Understanding the Different Types of Mutual Fund Schemes

What are mutual fund schemes? This is a common question, especially for new investors. Generally speaking, a mutual fund scheme is what classifies a mutual fund. It is either an open- or close-ended scheme. The differentiating factor between these two is the maturity period of the mutual fund.

Learn more about these schemes here.

The Open-Ended Scheme

The open-ended scheme is the one that can be purchased by subscription and then repurchased on a continual basis. This type of scheme does not have any type of fixed maturity period. As a result, when you invest in this type of mutual fund, you can buy and sell units at the NAV (Net Asset Value), which are given each day. The main feature that makes an open-ended scheme appealing is that it provides liquidity.

The Close-Ended Scheme

Another option when it comes to mutual fund schemes is a close-ended scheme.
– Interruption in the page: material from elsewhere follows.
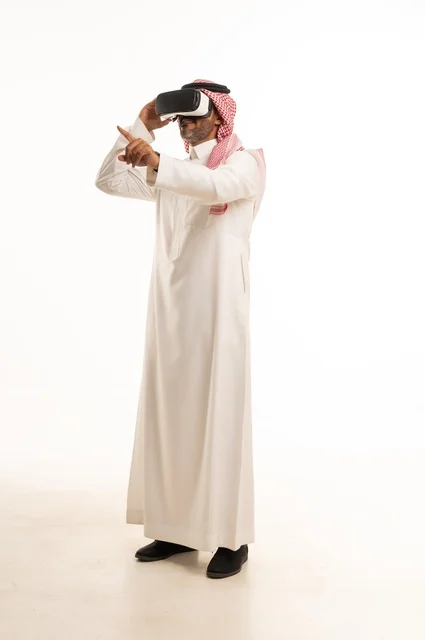 الاندماج والتفاعل مع العالم الخيالي، بورتريه لرجل عربي خليجي سعودي يرتدي الثوب والشماغ التقليدي ونظارات الواقع الافتراضي ثلاثية الأبعاد يحاول تجسيم شيء، دمج التقنيات والتكنولوجيا الحديثة مع المتعة والتسلية، الجسم بالطول الكامل، خلفية بيضاء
This will have a stipulated maturity period, for example, five to seven years. This fund is available for subscription during a certain period of time when the initial launch is taking place. An investor will be able to invest in the scheme initially, and then they can buy or sell the units on the stock exchange whenever there are units listed.

Understanding the various schemes of mutual funds can help you determine which one you would like to invest in. If you are unsure which mutual fund schemes are best for your needs, then it is best to work with a professional. They can help you understand the risks involved with both and ensure you get the investment results you want and need.